Comparator<Entry<Byte, Integer>> byVal = Comparator.comparingInt(e -> e.getValue());
// create a stream of Map.Entry objects. The stream is a new concept of Java8.
// That's somehow like a collection, but more powerful. While the collection
// stores data he stream has a focus on manipulating
counters.entrySet().stream()
// Use the comaparator in reversed form.

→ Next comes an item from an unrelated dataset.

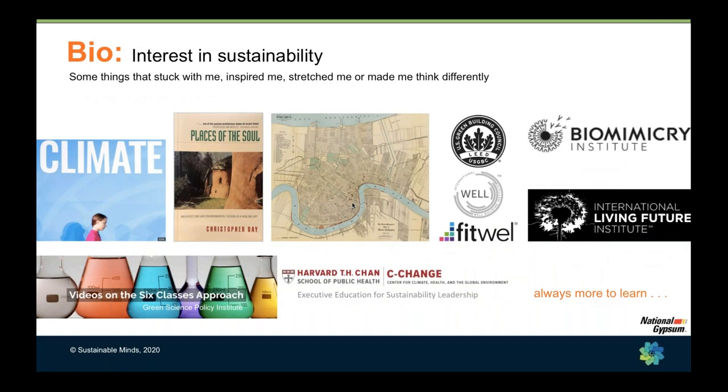A collage of events and influences have made me more aware of and interested in sustainability and healthy buildings. These have inspired me, stretched me, challenged me, and made me think differently. Especially watching the Six Classes videos helped me connect better with our R&D and manufacturing teams as we developed our transparency documents, especially since I didn't have a background in chemistry. There's always more to learn and always more to inspire us.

That means the number of
// occurences is now descending
.sorted(byVal.reversed())
// only use the first Map.Entry. I.E. the one with most occurences
// a similar functionality is by filter.
// .filter(e -> e.getValue() > 1) would use all duplicates
.limit(1)
// print out the results. Of course the argument for println can be
// concatenated from several parts like:
// e.getKey() + "\tcount: " + e.getValue()
.forEach(e -> System.out.println(e.getKey()));
Java 8 helps a lot for problems like this. Tying to write the same with former versions take quite a bit more code.